DATA PROVIDED —
= Beginning of Section =

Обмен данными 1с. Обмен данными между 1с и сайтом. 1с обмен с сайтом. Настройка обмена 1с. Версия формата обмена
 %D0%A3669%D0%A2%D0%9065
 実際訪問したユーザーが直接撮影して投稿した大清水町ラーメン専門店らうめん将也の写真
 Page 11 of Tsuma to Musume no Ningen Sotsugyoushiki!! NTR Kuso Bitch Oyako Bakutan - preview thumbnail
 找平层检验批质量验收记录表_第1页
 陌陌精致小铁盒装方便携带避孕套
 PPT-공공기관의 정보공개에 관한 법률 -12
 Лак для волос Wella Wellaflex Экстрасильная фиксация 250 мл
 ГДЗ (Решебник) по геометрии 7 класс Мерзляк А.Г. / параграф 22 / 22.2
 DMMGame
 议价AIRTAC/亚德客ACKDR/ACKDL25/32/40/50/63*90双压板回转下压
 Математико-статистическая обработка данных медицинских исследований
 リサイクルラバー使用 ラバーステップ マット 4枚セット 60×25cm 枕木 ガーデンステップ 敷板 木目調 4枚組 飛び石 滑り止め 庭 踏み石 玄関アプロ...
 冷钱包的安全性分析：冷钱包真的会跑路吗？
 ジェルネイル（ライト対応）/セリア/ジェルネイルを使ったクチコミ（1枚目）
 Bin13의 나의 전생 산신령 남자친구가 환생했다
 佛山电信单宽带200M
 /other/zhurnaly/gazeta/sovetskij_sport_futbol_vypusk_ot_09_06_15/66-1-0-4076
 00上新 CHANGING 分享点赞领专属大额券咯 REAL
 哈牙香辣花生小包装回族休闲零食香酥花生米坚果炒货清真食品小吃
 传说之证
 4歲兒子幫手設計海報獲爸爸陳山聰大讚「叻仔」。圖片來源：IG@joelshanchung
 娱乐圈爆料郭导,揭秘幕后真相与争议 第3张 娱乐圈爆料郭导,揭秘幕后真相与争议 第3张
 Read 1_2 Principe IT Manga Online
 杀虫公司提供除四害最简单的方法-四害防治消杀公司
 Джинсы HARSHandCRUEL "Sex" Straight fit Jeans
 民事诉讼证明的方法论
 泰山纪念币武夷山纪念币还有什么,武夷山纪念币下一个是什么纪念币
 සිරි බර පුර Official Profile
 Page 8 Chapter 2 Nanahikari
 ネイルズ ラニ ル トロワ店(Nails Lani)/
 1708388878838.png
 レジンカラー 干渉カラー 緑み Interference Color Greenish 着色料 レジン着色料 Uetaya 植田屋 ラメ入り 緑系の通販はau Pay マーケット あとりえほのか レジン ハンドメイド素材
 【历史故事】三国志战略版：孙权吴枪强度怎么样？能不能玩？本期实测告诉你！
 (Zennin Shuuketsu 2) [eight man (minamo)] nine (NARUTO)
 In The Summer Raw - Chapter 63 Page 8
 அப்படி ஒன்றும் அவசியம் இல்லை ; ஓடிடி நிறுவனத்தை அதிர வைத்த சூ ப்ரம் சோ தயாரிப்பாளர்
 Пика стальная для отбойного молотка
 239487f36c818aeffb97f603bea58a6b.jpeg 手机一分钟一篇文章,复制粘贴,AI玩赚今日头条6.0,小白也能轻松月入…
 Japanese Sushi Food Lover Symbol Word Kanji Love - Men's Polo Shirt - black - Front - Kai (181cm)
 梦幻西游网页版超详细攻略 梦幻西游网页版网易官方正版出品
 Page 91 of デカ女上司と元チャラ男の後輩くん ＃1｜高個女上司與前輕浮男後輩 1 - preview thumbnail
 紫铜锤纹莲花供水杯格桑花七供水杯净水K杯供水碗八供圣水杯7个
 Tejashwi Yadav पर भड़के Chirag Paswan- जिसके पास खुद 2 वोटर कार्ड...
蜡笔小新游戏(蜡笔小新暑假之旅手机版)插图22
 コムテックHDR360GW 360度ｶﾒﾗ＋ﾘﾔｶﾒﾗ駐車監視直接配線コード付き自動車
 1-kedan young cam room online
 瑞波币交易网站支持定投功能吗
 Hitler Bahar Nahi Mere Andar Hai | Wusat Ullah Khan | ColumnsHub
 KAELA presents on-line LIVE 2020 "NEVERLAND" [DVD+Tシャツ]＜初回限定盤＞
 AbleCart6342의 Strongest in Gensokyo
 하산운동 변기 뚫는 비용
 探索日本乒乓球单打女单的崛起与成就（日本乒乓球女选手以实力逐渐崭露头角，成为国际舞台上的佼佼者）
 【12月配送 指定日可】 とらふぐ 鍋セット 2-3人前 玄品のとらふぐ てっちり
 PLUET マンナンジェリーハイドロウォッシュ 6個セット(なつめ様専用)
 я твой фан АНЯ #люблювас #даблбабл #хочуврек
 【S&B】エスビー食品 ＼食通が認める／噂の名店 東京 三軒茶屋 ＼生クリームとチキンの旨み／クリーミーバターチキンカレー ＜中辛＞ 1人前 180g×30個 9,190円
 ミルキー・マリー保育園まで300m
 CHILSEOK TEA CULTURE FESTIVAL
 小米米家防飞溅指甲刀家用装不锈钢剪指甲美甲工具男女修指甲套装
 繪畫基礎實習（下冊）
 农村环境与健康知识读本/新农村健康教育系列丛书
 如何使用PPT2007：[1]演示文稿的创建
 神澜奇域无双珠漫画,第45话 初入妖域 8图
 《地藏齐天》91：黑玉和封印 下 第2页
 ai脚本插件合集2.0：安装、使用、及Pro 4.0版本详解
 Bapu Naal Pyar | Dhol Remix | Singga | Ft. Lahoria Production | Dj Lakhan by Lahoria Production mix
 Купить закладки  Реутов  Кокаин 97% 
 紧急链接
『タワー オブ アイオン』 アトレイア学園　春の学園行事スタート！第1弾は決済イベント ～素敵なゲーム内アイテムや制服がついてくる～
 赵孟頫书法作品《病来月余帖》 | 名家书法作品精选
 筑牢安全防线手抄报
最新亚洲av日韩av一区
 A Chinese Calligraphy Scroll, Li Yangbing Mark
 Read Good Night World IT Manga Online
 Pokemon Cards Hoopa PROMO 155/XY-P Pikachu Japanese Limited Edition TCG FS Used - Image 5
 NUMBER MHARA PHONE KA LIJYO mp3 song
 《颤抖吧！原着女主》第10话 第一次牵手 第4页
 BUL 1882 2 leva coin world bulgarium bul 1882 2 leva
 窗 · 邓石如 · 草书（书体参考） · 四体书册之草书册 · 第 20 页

= End of Section =

Reproduce exactly, and only, the part of the listing above that begins at the line with "哈牙香辣花生小包装回族休闲零食香酥花生米坚果炒货清真食品小吃" and goes on through the line with "ai脚本插件合集2.0：安装、使用、及Pro 4.0版本详解".

 哈牙香辣花生小包装回族休闲零食香酥花生米坚果炒货清真食品小吃
 传说之证
 4歲兒子幫手設計海報獲爸爸陳山聰大讚「叻仔」。圖片來源：IG@joelshanchung
 娱乐圈爆料郭导,揭秘幕后真相与争议 第3张 娱乐圈爆料郭导,揭秘幕后真相与争议 第3张
 Read 1_2 Principe IT Manga Online
 杀虫公司提供除四害最简单的方法-四害防治消杀公司
 Джинсы HARSHandCRUEL "Sex" Straight fit Jeans
 民事诉讼证明的方法论
 泰山纪念币武夷山纪念币还有什么,武夷山纪念币下一个是什么纪念币
 සිරි බර පුර Official Profile
 Page 8 Chapter 2 Nanahikari
 ネイルズ ラニ ル トロワ店(Nails Lani)/
 1708388878838.png
 レジンカラー 干渉カラー 緑み Interference Color Greenish 着色料 レジン着色料 Uetaya 植田屋 ラメ入り 緑系の通販はau Pay マーケット あとりえほのか レジン ハンドメイド素材
 【历史故事】三国志战略版：孙权吴枪强度怎么样？能不能玩？本期实测告诉你！
 (Zennin Shuuketsu 2) [eight man (minamo)] nine (NARUTO)
 In The Summer Raw - Chapter 63 Page 8
 அப்படி ஒன்றும் அவசியம் இல்லை ; ஓடிடி நிறுவனத்தை அதிர வைத்த சூ ப்ரம் சோ தயாரிப்பாளர்
 Пика стальная для отбойного молотка
 239487f36c818aeffb97f603bea58a6b.jpeg 手机一分钟一篇文章,复制粘贴,AI玩赚今日头条6.0,小白也能轻松月入…
 Japanese Sushi Food Lover Symbol Word Kanji Love - Men's Polo Shirt - black - Front - Kai (181cm)
 梦幻西游网页版超详细攻略 梦幻西游网页版网易官方正版出品
 Page 91 of デカ女上司と元チャラ男の後輩くん ＃1｜高個女上司與前輕浮男後輩 1 - preview thumbnail
 紫铜锤纹莲花供水杯格桑花七供水杯净水K杯供水碗八供圣水杯7个
 Tejashwi Yadav पर भड़के Chirag Paswan- जिसके पास खुद 2 वोटर कार्ड...
蜡笔小新游戏(蜡笔小新暑假之旅手机版)插图22
 コムテックHDR360GW 360度ｶﾒﾗ＋ﾘﾔｶﾒﾗ駐車監視直接配線コード付き自動車
 1-kedan young cam room online
 瑞波币交易网站支持定投功能吗
 Hitler Bahar Nahi Mere Andar Hai | Wusat Ullah Khan | ColumnsHub
 KAELA presents on-line LIVE 2020 "NEVERLAND" [DVD+Tシャツ]＜初回限定盤＞
 AbleCart6342의 Strongest in Gensokyo
 하산운동 변기 뚫는 비용
 探索日本乒乓球单打女单的崛起与成就（日本乒乓球女选手以实力逐渐崭露头角，成为国际舞台上的佼佼者）
 【12月配送 指定日可】 とらふぐ 鍋セット 2-3人前 玄品のとらふぐ てっちり
 PLUET マンナンジェリーハイドロウォッシュ 6個セット(なつめ様専用)
 я твой фан АНЯ #люблювас #даблбабл #хочуврек
 【S&B】エスビー食品 ＼食通が認める／噂の名店 東京 三軒茶屋 ＼生クリームとチキンの旨み／クリーミーバターチキンカレー ＜中辛＞ 1人前 180g×30個 9,190円
 ミルキー・マリー保育園まで300m
 CHILSEOK TEA CULTURE FESTIVAL
 小米米家防飞溅指甲刀家用装不锈钢剪指甲美甲工具男女修指甲套装
 繪畫基礎實習（下冊）
 农村环境与健康知识读本/新农村健康教育系列丛书
 如何使用PPT2007：[1]演示文稿的创建
 神澜奇域无双珠漫画,第45话 初入妖域 8图
 《地藏齐天》91：黑玉和封印 下 第2页
 ai脚本插件合集2.0：安装、使用、及Pro 4.0版本详解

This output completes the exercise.